_Exercise_:
Span requested from the data below: the line with "Ford Expedition Max" through the line with "2312 Pleasant Cv, Conway, AR 72034 photo 9", both included. Give only these lines again, exactly, and leave every picture out.

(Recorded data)
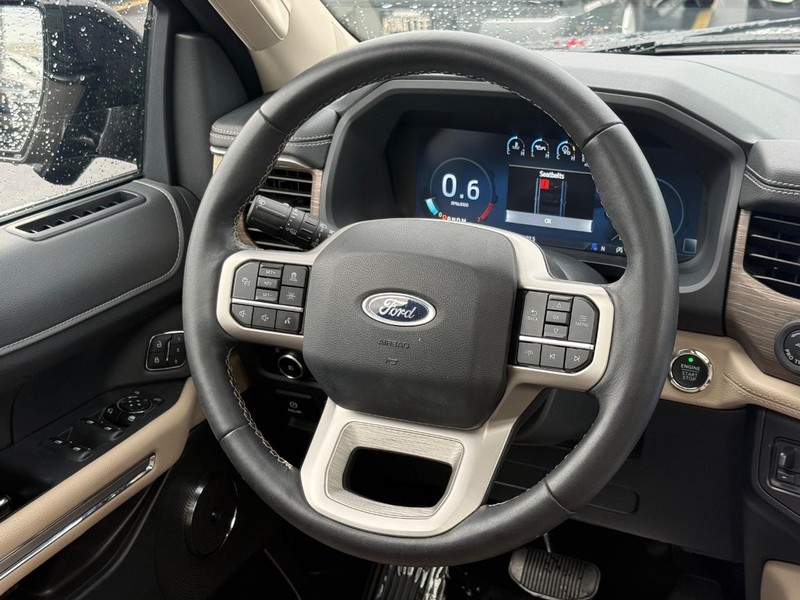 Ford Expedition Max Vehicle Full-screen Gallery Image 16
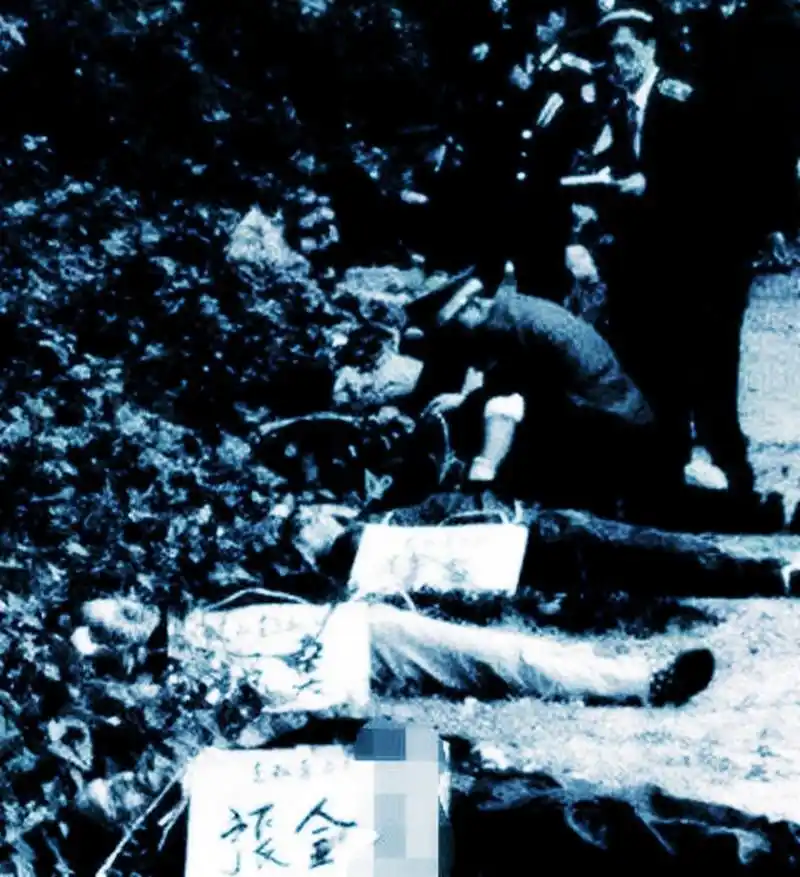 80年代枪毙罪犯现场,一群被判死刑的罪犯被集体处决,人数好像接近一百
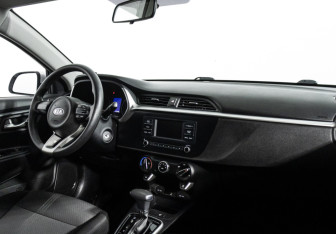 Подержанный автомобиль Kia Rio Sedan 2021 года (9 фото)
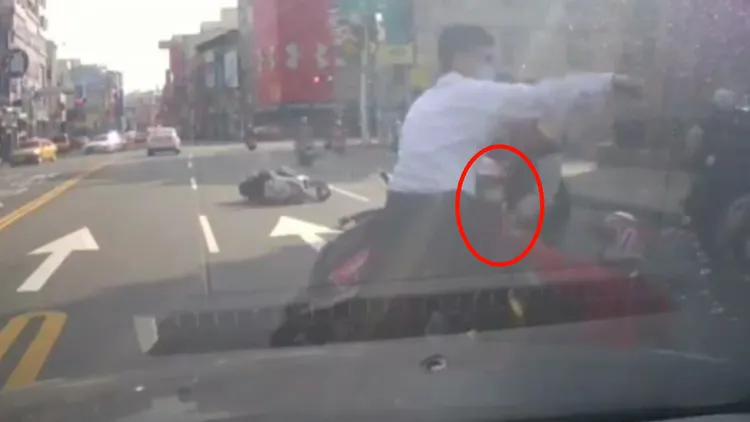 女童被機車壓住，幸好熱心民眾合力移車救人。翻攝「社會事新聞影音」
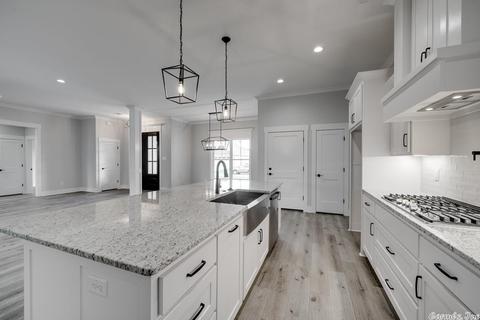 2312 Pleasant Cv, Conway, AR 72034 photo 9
...
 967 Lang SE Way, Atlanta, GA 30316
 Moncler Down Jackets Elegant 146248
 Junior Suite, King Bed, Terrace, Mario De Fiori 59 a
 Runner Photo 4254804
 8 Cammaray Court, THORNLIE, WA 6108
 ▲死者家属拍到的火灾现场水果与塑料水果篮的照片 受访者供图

_Result_:
 Ford Expedition Max Vehicle Full-screen Gallery Image 16
 80年代枪毙罪犯现场,一群被判死刑的罪犯被集体处决,人数好像接近一百
 Подержанный автомобиль Kia Rio Sedan 2021 года (9 фото)
 女童被機車壓住，幸好熱心民眾合力移車救人。翻攝「社會事新聞影音」
 2312 Pleasant Cv, Conway, AR 72034 photo 9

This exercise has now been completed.